# Info On SV Judge Vic Wilms



## Keith Jenkins (Jun 6, 2007)

Anyone have any experience trialing and/or attending a seminar under SV Judge (Belgium) Vic Wilms?


----------



## eric squires (Oct 16, 2008)

Keith Jenkins said:


> Anyone have any experience trialing and/or attending a seminar under SV Judge (Belgium) Vic Wilms?


 We had Vic judge our fall 08 trial. I thought that he was a very fair judge and a nice guy. He did not give points away, but was understanding that it was a club trial. i would recommend him to other clubs.


----------



## Thomas Barriano (Mar 27, 2006)

Keith Jenkins said:


> Anyone have any experience trialing and/or attending a seminar under SV Judge (Belgium) Vic Wilms?


Keith,

While I had an active USA club I got a few phone calls from
Vic soliciting judging assignments and he seemed like a nice enough guy.
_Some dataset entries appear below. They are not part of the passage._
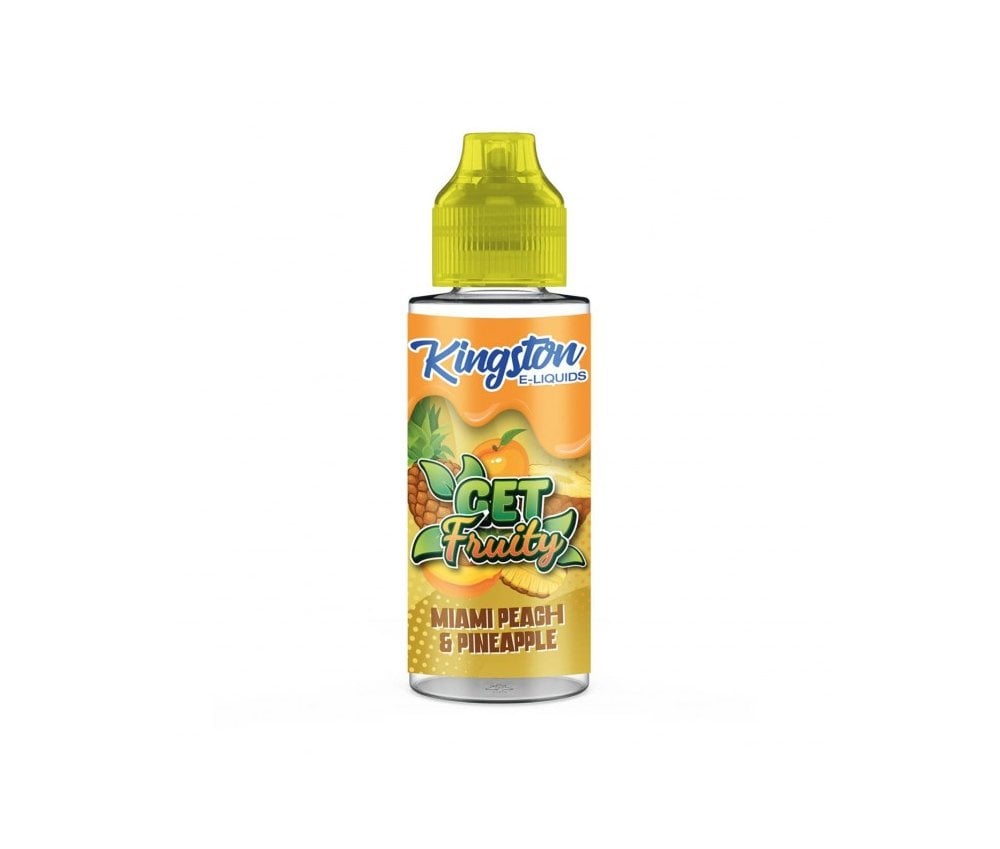 Miami Peach Pineapple Get Fruity E-Liquid Shortfill By Kingston 100ml - Vapestore Direct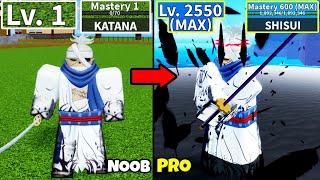 Beating Blox Fruits as Ryuma! Lvl 0 to Max Lvl Full Ghoul v4 Awakening Noob to Pro in Blox Fruits!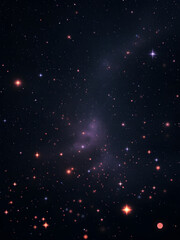 Fototapeta premium Deep space nebula with scattered stars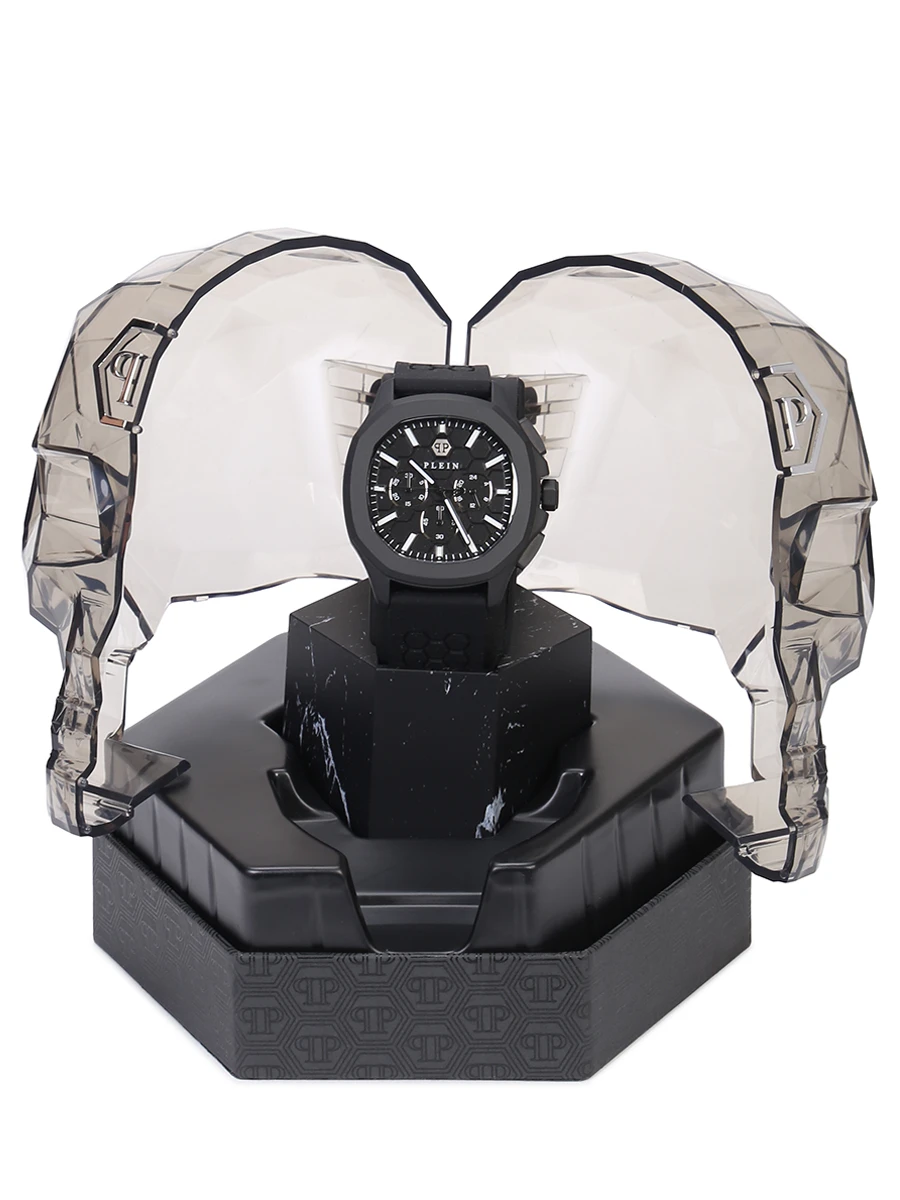 Часы $PECTRE CHRONO PHILIPP PLEIN MWS0094/02 Черный  Фото 5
We never used him but I never heard anything bad about his judging or seminars. I believe he is scheduled to judge the DPCA IPO trial on October? He also has an FCI judging license


----------



## Terry Fisk (Jul 26, 2007)

Keith Jenkins said:


> Anyone have any experience trialing and/or attending a seminar under SV Judge (Belgium) Vic Wilms?


If you are planning on trialing under or hiring him make sure he is available. Not sure what's up but a lot of UScA trials that had him booked through the end of the year are having to find replacement judges.


----------



## Keith Jenkins (Jun 6, 2007)

Yeah our club is going to request a different SV judge.


----------



## Thomas Barriano (Mar 27, 2006)

Terry Fisk said:


> If you are planning on trialing under or hiring him make sure he is available. Not sure what's up but a lot of UScA trials that had him booked through the end of the year are having to find replacement judges.


Terry,

I understand the SV has a three out of Country trips per year limit that Vic has already met. He also has a FCI license that he is using to do the DPCA trial next month. I'm not sure what the UScA policy is as far as trialing under a FCI
license? It's all about politics :-(


----------